It feels as though we’re living through a golden age for new writing, unsurprising given the heightened political circumstances of the last two years, but this has coincided with a period in which mainstream theatres have been prepared to take greater risk, making space amidst the musicals and classic revivals for a blossoming of new work. The Ferryman may have had all the best new play categories sewn-up in the recent award season, but its fellow nominees – Ink, Oslo and Network – in any other year would have been equally deserving. And there were plenty of impressive new shows that were overlooked including Anatomy of a Suicide and The Grinning Man.
2018 is proving to be equally rich, and along with The Inheritance which premiered at the Young Vic last month (Part 1 and Part 2 reviews), three new plays have opened in as many weeks in London’s major theatres – Quiz at the Noel Coward Theatre, Instructions for Correct Assembly at the Royal Court, and now Ella Hickson’s The Writer at the Almeida, her much anticipated follow-up to Oil. While all of this writing has been innovative, exciting and engaging, it also set a high bar exposing the weaknesses in less satisfying work.
The creative process is a complex and fascinating thing, but Hickson argues there is a personal cost for those who put something meaningful into the world and, if the artist happens to be a woman, there are also significant obstacles to overcome in a system that favours and empowers men. The Writer reflects our current interest in sexual misconduct and gender inequality to tell the story of a young writer whose early encounter with a sleazy male director and later a passive-aggressive boyfriend affect her work and emotional development. While she actively rejects many of the social expectations placed on women and embarks on what seems a more contented path, she cannot quite escape the expectations of others and her own self-sabotage as reality fails to match the world of fiction she wants to create.
Hickson uses an abstract approach that constantly keeps the audience guessing about the nature of truth and fictionalised versions of it.
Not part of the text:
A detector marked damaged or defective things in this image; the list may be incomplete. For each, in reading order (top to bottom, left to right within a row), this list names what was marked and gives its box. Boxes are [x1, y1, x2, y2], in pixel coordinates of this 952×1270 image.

The Writer opens with a post-show confrontation between an audience member who claims to have left a bag in the auditorium (Lara Rossi) and a member of the crew (Samuel West) who asks her opinion of this hit show and receives a lengthy and impassioned diatribe about theatre reflecting the sullied gaze of the male director who sexualises his female, but not male, actors, patriarchal blocks to the progression of women, the overly middle-class subject matter and attendance at theatres, as well as the desperation of men who marry much younger women. At one point, the nameless audience member astutely remarks that whenever a woman walks on stage we instantly assess her attractiveness and clothes, but when a man walks on we wonder what he’s going to say.
It’s a great scene, uncomfortably long for some as we learn why the conversation becomes increasingly embittered, but Hickson prevents it from being too one-sided, subtly shifting sympathies between the two sides before delivering a knock-out blow. It’s a discussion many women in theatre have longed to have and to see it played out onstage feels significant. With the house lights staying up for the first two scenes on a virtually bare stage, there is no artifice, and the company are eager for us to know that the audience is equally complicit in the prolongation of this aspect of the industry.
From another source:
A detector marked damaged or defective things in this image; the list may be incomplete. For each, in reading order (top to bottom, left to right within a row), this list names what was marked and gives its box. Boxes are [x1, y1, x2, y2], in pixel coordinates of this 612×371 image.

And Hickson maintains this energy through the next two scenes. As we discover that what we have just witnessed is part of a play written by another writer about her own experience (played by Romola Garai) the scene dissolves into a Q&A in which the ‘real’ overbearing Director gives her pretentious and patronising notes. This is followed by a deliberately artificial scene in which the audience watches the stage crew construct the set, before the Writer goes home to pressure from her boyfriend to commercialise her work, get married and have children because these are the ‘expected’ measures of a successful life.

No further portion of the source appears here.